In thinking about risk, we want to identify the thing that investors worry about and thus demand compensation for bearing. I don’t think most investors fear volatility. In fact, I’ve never heard anyone say, “The prospective return isn’t high enough to warrant bearing all that volatility.” What they fear is the possibility of permanent loss.

Permanent loss is very different from volatility or fluctuation. A downward fluctuation – which by definition is temporary – doesn’t present a big problem if the investor is able to hold on and come out the other side.

A permanent loss – from which there won’t be a rebound – can occur for either of two reasons: (a) an otherwise-temporary dip is locked in when the investor sells during a downswing – whether because of a loss of conviction; requirements stemming from his timeframe; financial exigency; or emotional pressures, or (b) the investment itself is unable to recover for fundamental reasons.

We can ride out volatility, but we never get a chance to undo a permanent loss.

2. Future is Unpredictable. Period.

It seems most people in the prediction business think the future is knowable, and all they have to do is be among the ones who know it. Alternatively, they may understand (consciously or unconsciously) that it’s not knowable but believe they have to act as if it is in order to make a living as an economist or investment manager.

On the other hand, I’m solidly convinced the future isn’t knowable. I side with John Kenneth Galbraith who said, “We have two classes of forecasters: Those who don’t know – and those who don’t know they don’t know.”

There are several reasons for this inability to predict:

  • We’re well aware of many factors that can influence future events, such as governmental actions, individuals’ spending decisions and changes in commodity prices. But these things are hard to predict, and I doubt anyone is capable of taking all of them into account at once. (People have suggested a parallel between this categorization and that of Donald Rumsfeld, who might have called these things “known unknowns”: the things we know we don’t know.)
  • The future can also be influenced by events that aren’t on anyone’s radar today, such as calamities – natural or man-made – that can have great impact. The 9/11 attacks and the Fukushima disaster are two examples of things no one knew to think about. (These would be “unknown unknowns”: the things we don’t know we don’t know.)
  • There’s far too much randomness at work in the world for future events to be predictable. As 2014 began, forecasters were sure the U.S. economy was gaining steam, but they were confounded when record cold weather caused GDP to fall 2.9% in the first quarter.
  • And importantly, the connections between contributing influences and future outcomes are far too imprecise and variable for the results to be dependable.

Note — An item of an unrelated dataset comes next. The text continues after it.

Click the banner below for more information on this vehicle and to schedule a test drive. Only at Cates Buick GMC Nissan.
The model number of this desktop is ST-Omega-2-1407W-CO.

Given the near-infinite number of factors that influence the future, the great deal of randomness present, and the weakness of the linkages, it’s my solid belief that future events cannot be predicted with any consistency.

3. Dealing with Uncertainty

Here’s the essential conundrum: investing requires us to decide how to position a portfolio for future developments, but the future isn’t knowable.

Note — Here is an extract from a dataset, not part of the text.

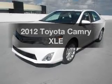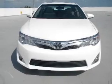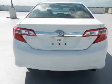Introducing the 2012 Toyota Camry. If you're looking for a first-rate auto, this one could be yours today. With an efficient four-cylinder engine connected to a smooth shifting transmission,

How can investors deal with the limitations on their ability to know the future? The answer lies in the fact that not being able to know the future doesn’t mean we can’t deal with it.

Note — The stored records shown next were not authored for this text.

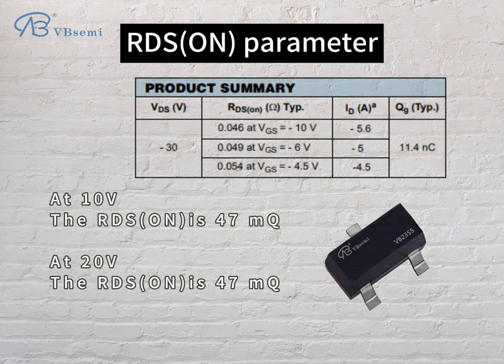RDS(on) parameter: at VGS 10V, the RDS(on) is 47mΩ; at VGS 20V, the RDS(on) is also 47mΩ.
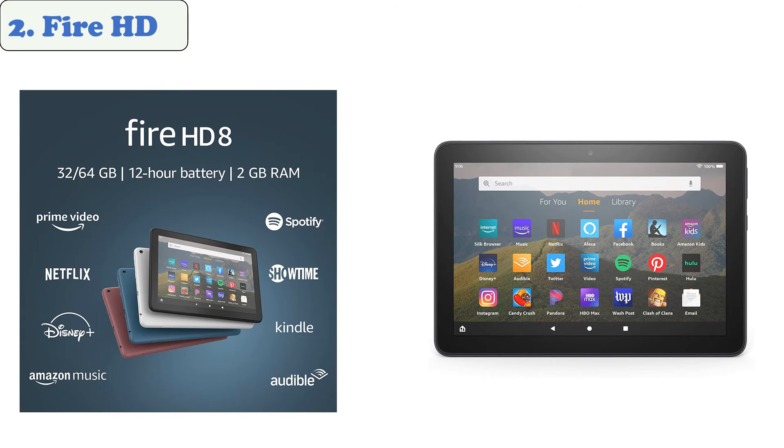At number 2: the Fire HD. The Fire HD 8 has an anti-glare screen that makes it ideal for reading in bright sunlight. It also has a good resolution, so that your words and images look sharp and crisp.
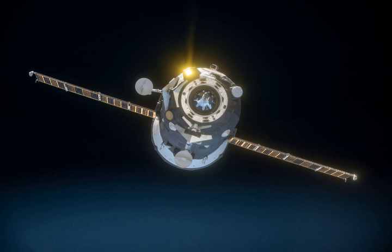Progress MS-1 docked with the Pirs Docking Compartment on 23 December 2015 at 10:27 UTC.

It’s one thing to know what’s going to happen and something very different to have a feeling for the range of possible outcomes and the likelihood of each one happening. Saying we can’t do the former doesn’t mean we can’t do the latter.

We can’t know what will happen. We can know something about the possible outcomes (and how likely they are). People who have more insight into these things than others are likely to make superior investors.

As I said in the last paragraph of The Most Important Thing

Only investors with unusual insight can regularly divine the probability distribution that governs future events and sense when the potential returns compensate for the risks that lurk in the distribution’s negative left-hand tail.

In other words, in order to achieve superior results, an investor must be able – with some regularity – to find asymmetries: instances when the upside potential exceeds the downside risk. That’s what successful investing is all about.

4. Risk Now is Driven By Fear of Losing Money

These days, the fear of losing money seems to have receded (since the crisis is all of six years in the past), and the fear of missing opportunities is riding high, given the paltry returns available on safe, mundane
investments.

Thus a new risk has arisen: FOMO risk, or the risk that comes from excessive fear of missing out.

It’s important to worry about missing opportunities, since people who don’t can invest too conservatively. But when that worry becomes excessive, FOMO can drive an investor to do things he shouldn’t do and often doesn’t understand, just because others are doing them: if he doesn’t jump on the bandwagon, he may be left behind to live with envy.

5. Start Paying Attention to Loss Prevention

Warren Buffett put it best, and I regularly return to his statement on the subject: “…the less prudence with which others conduct their affairs, the greater the prudence with which we should conduct our own affairs.”

While investor behavior hasn’t sunk to the depths seen just before the crisis (and, in my opinion, that contributed greatly to it), in many ways it has entered the zone of imprudence.

To borrow a metaphor from Chuck Prince, Citigroup’s CEO from 2003 to 2007, anyone who’s totally unwilling to dance to today’s fast-paced music can find it challenging to put money to work.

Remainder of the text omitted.